For researchers, the most (and arguably only) important feature of 'structure' is that it enables them to do more with the data they already possess. By means of computation. I think it's fair to say that only structured data can be used in a meaningful way in a computational context. With the exception that unstructured data is useful input to create structured data.

One more thing to mention is that the line between structured and un-structured is sometimes hard to draw, and can depend entirely on context. "One persons structured data is another persons unstructured data.", something like that. In addition, in some instances unstructured data can be converted to structured data trivially, meaning without much effort or any user-interaction. I'd argue we can consider those sorts of datasets basically 'structured'.

Example

Lets use a simple example to illustrate all that: a digital image of a document.

Depending on what you are interested in, such an image might already be structured data. For example it could contain geo-tags, and a timestamp, which are both digitally readable. If you want to visualize on a map where a document is from, you can do that instantly. Structured data, yay!

Similarly, if you are interested in the color of the paper of the document (ok, I'm stretching my argument here as this seems fairly unlikely, but this is really just to illustrate...), you might get the color histogram of the image (which is trivial to extract, but needs some batch-computation), and for your purposes you would also consider the image file structured data.

Now, if you are interested in the text content of the document, things get more interesting. You will have to jump through some hoops, and feed the image file to an OCR pipeline that will spit out a text file for example. The data itself would still be the same, but now computers can access not only some probably irrelevant metadata, but also the text content, which, in almost all cases, is where the 'soul' of the data is.

It could be argued that 'just' a text file is not actually structured. I'd say that groups of ascii-characters that can be found in english-language dictionaries, separated by whitespaces and new-lines can be considered a structure, even if only barely. The new format certainly allows the researcher to interact with the data in other ways (e.g. full-text search).
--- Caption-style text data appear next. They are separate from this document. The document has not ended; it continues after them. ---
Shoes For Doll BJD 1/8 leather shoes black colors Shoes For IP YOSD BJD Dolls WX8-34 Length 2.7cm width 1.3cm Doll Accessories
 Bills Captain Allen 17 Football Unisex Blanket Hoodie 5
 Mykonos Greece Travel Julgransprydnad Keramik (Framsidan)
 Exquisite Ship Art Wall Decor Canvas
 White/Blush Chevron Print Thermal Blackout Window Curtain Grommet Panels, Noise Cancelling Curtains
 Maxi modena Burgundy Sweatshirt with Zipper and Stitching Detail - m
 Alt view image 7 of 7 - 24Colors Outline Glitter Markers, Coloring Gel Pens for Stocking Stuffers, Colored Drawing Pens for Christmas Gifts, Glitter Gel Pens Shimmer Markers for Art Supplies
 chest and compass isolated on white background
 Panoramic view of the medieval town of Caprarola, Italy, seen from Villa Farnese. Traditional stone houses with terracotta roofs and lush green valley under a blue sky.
We can go further, and might be interested in characteristics of the text content (language, topics, etc.). This is where the actual magic happens, everything before that is just rote data preparation: turning unstructured (or 'other-ly' structured) data into (meaningful) structured data... On a technical level, those two parts (preparation/computation) of a research workflow might look (or be) the same, but I think there is a difference worth keeping in mind. If I don't forget I'll elaborate on that later.

'Big-ish' data

I'm not talking about real 'Big data'-big data here, just largish files, or lots of them, or both. I don't think we'll encounter many use-cases where we have to move or analyze terabytes of data, but I wouldn't be surprised if we come across a few gigabytes worth of it every now and then.

There are a few things we have to be prepared for, in those cases:

  • transferring that sort of data is not trivial (esp. from home internet connections with limited upload bandwidth) -- and we will most likely have to be able to offer some sort of resumable-upload (and download) option (in case of a hosted solution)
  • if we offer a hosted service, we will have to take into account and plan for this, so we don't run out of storage space (we might have to impose quotas, for example)
  • computation-wise, we need to make sure we are prepared for large datasets and handle that in a smart way (if we load a huge dataset into memory, it can crash the machine where that is done)
  • similarly, when we feed large datasets into a pipeline, we might not be able to just duplicate and edit the dataset like we could do for small amounts of data (too expensive, storage-wise) -- so we might need to have different strategies in place on how to execute a workflow, depending on file sizes (for example some sort of copy-on-write)